* _Task to carry out_: Write out all the entries word for word and omit any pictures.

* _Provided data_:
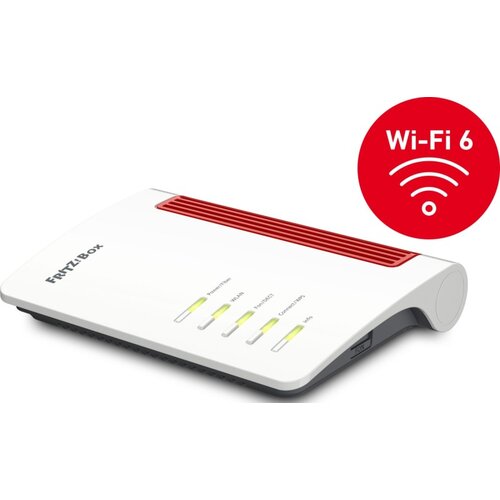 Avm WLAN usmerjevalnik Fritz! Box 5530 Fiber, (20830548) Cene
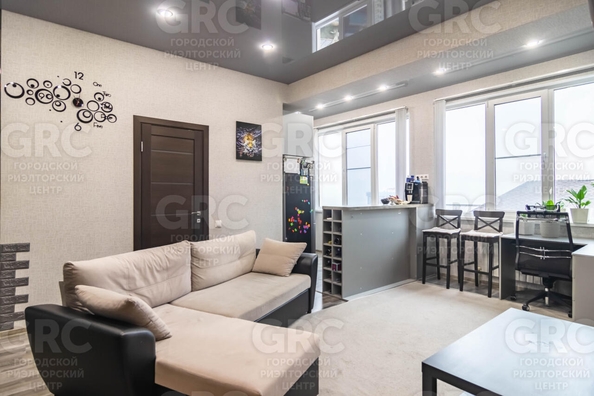 
  Продается 3-комн. квартира 66.1 м². Фото 4.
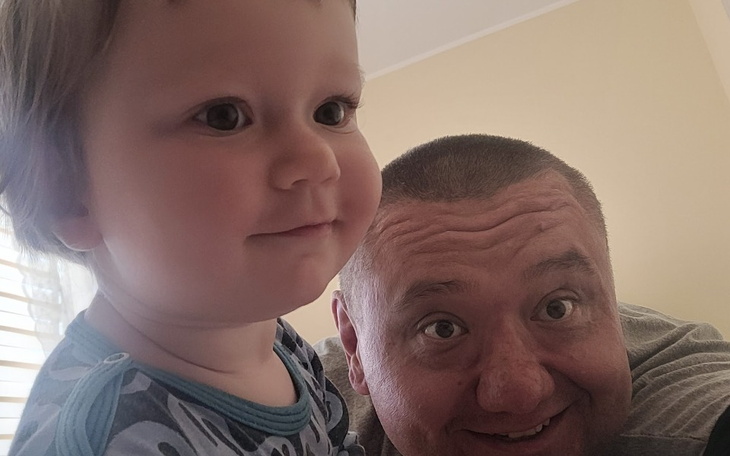 Zbiórka Rozwód i prawa ojca - zdjęcie główne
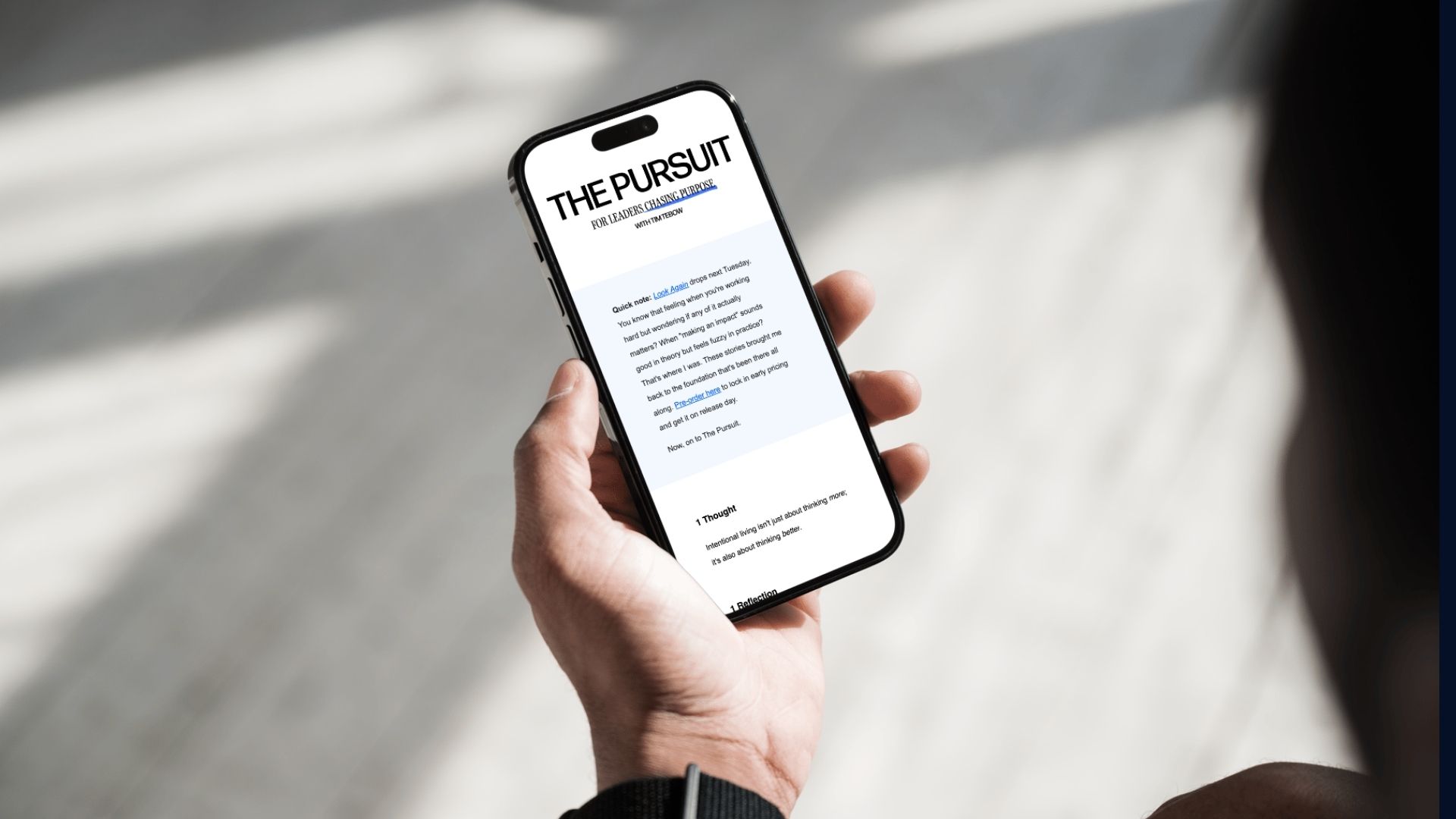 Newsletter Engagement for The Tebow Group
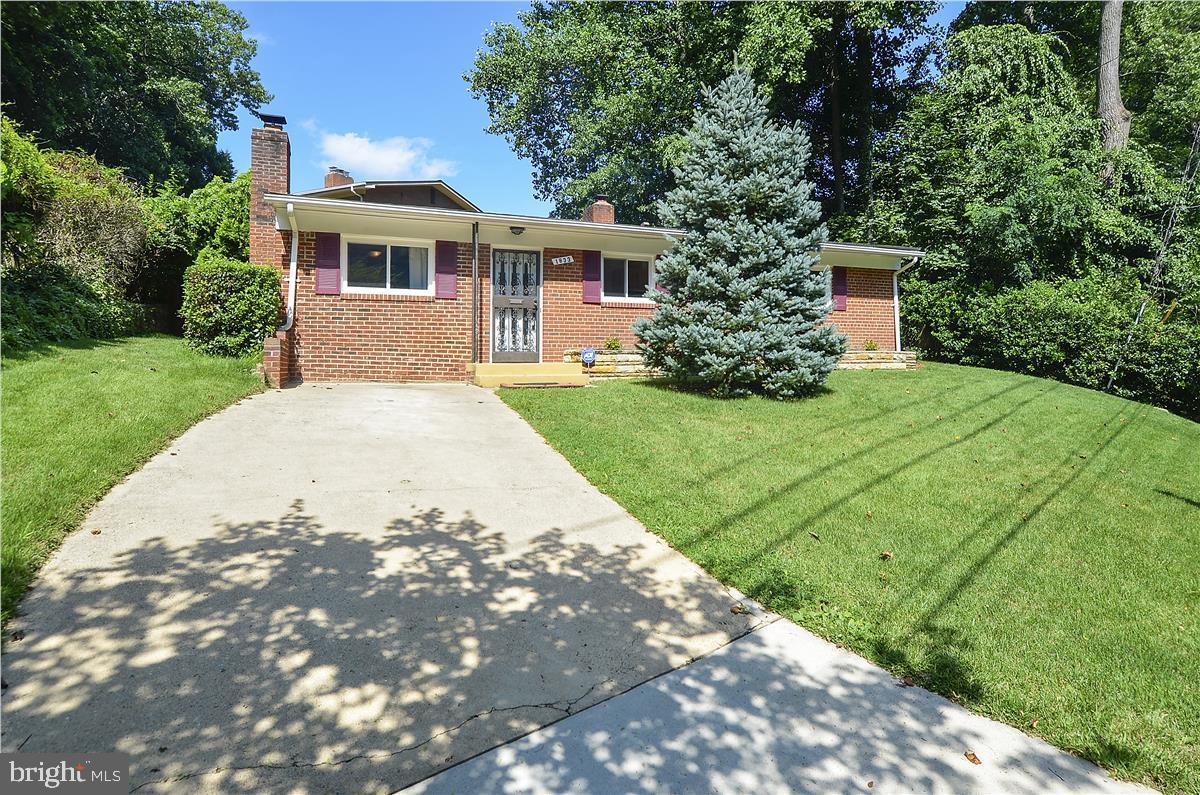 1833 Primrose Road - Photo 1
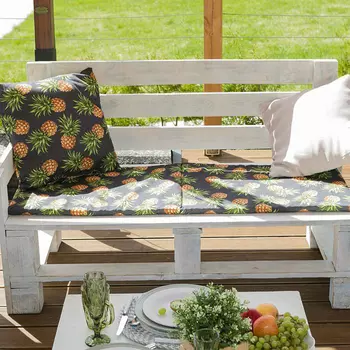 Декоративные подушки ЭТЕЛЬ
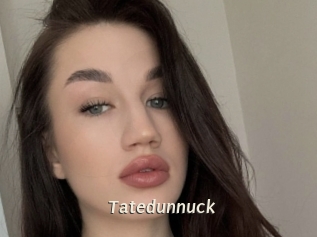 Tatedunnuck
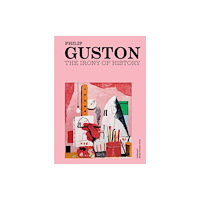 Gallimard Philip Guston (inbunden, eng)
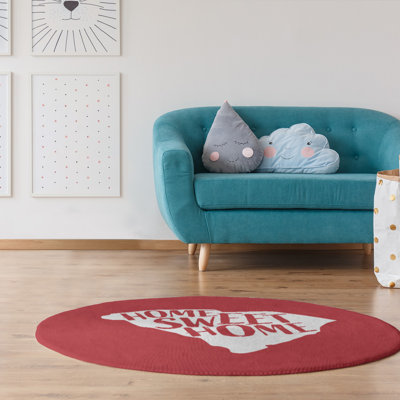 Chenille Indoor Rug
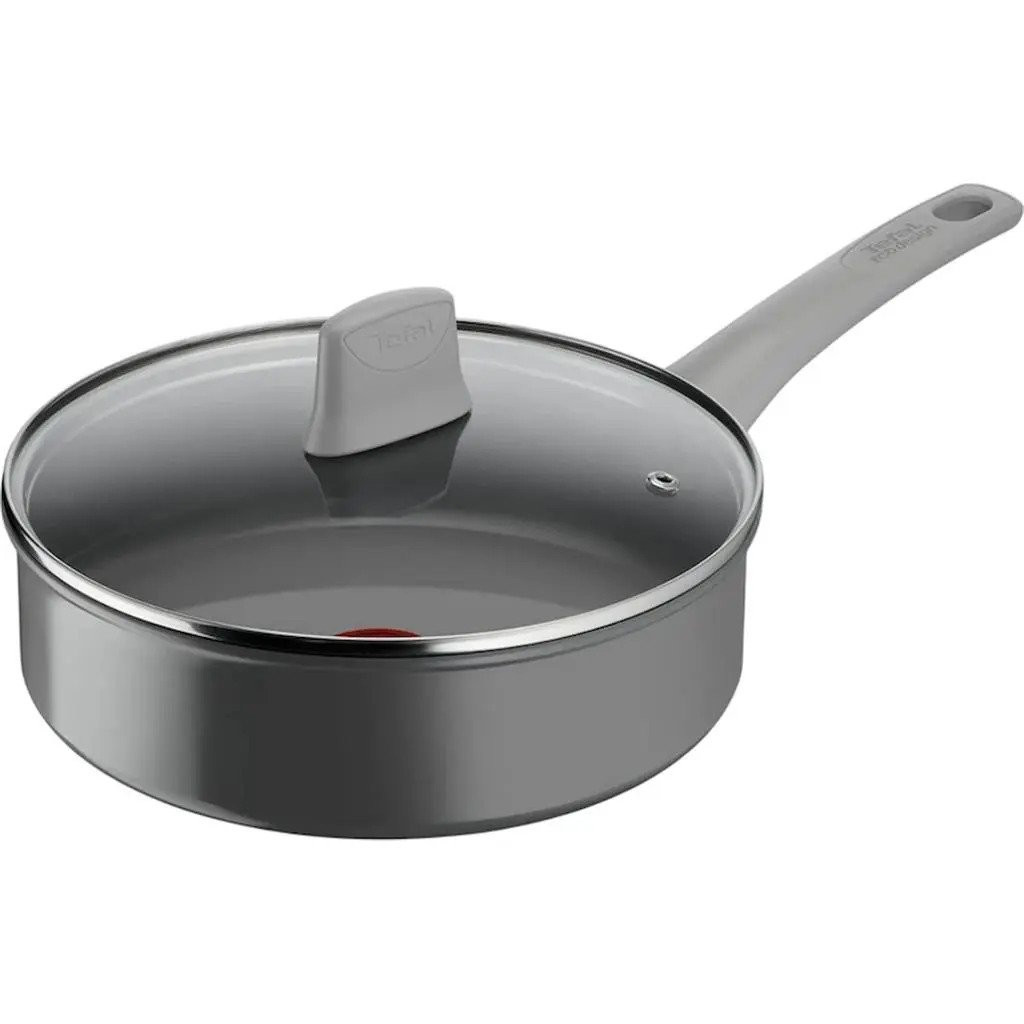 Tigaie Tefal C4273232, gri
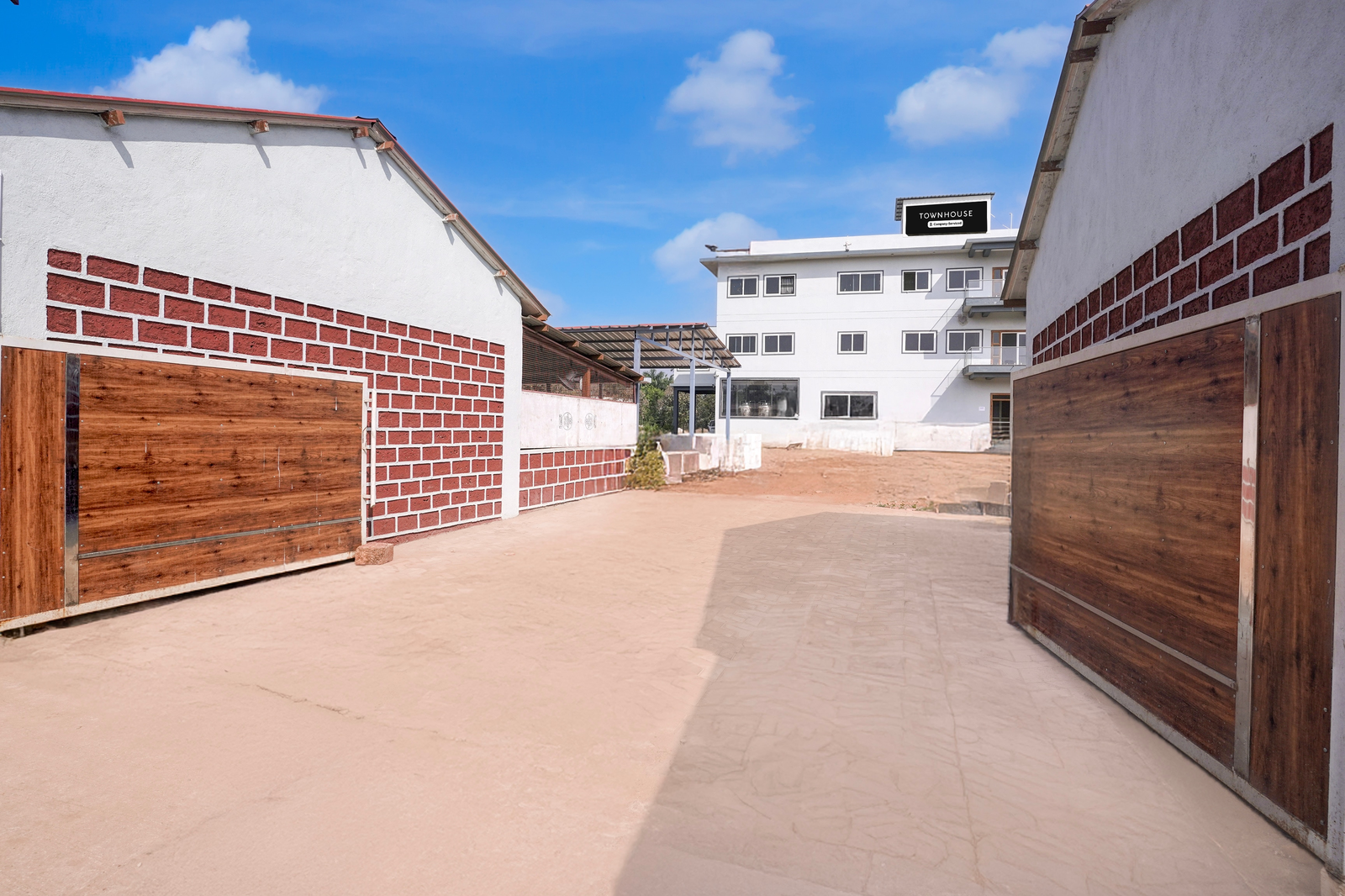 Townhouse High Court Of Karnataka Formerly The Pride,,3 star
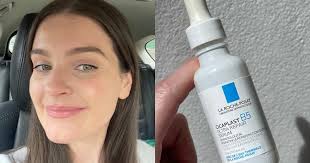 Guillaume Ventura on LinkedIn: 'I finally got my hands on that new La Roche-Posay serum. Here are my…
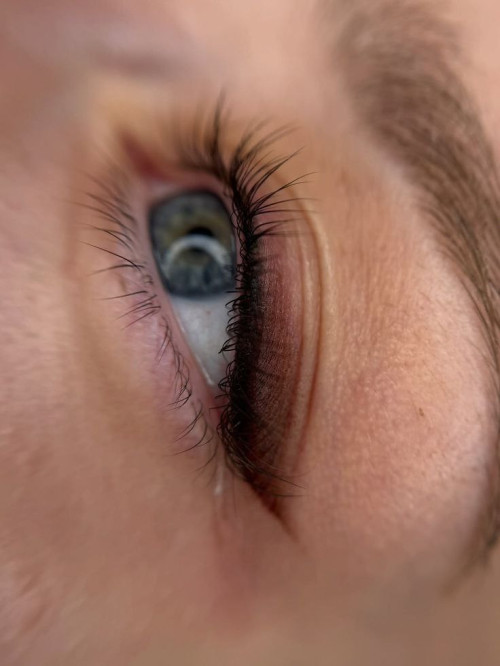 Перманентний макіяж фото 8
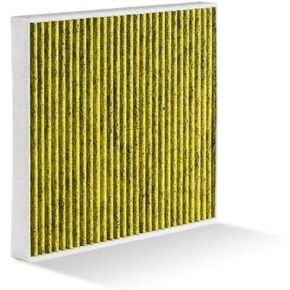 Volkswagen Air Filter - 5Q0-819-669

* _Answer box_:
 Avm WLAN usmerjevalnik Fritz! Box 5530 Fiber, (20830548) Cene
  Продается 3-комн. квартира 66.1 м². Фото 4.
 Zbiórka Rozwód i prawa ojca - zdjęcie główne
 Newsletter Engagement for The Tebow Group
 1833 Primrose Road - Photo 1
 Декоративные подушки ЭТЕЛЬ
 Tatedunnuck
 Gallimard Philip Guston (inbunden, eng)
 Chenille Indoor Rug
 Tigaie Tefal C4273232, gri
 Townhouse High Court Of Karnataka Formerly The Pride,,3 star
 Guillaume Ventura on LinkedIn: 'I finally got my hands on that new La Roche-Posay serum. Here are my…
 Перманентний макіяж фото 8
 Volkswagen Air Filter - 5Q0-819-669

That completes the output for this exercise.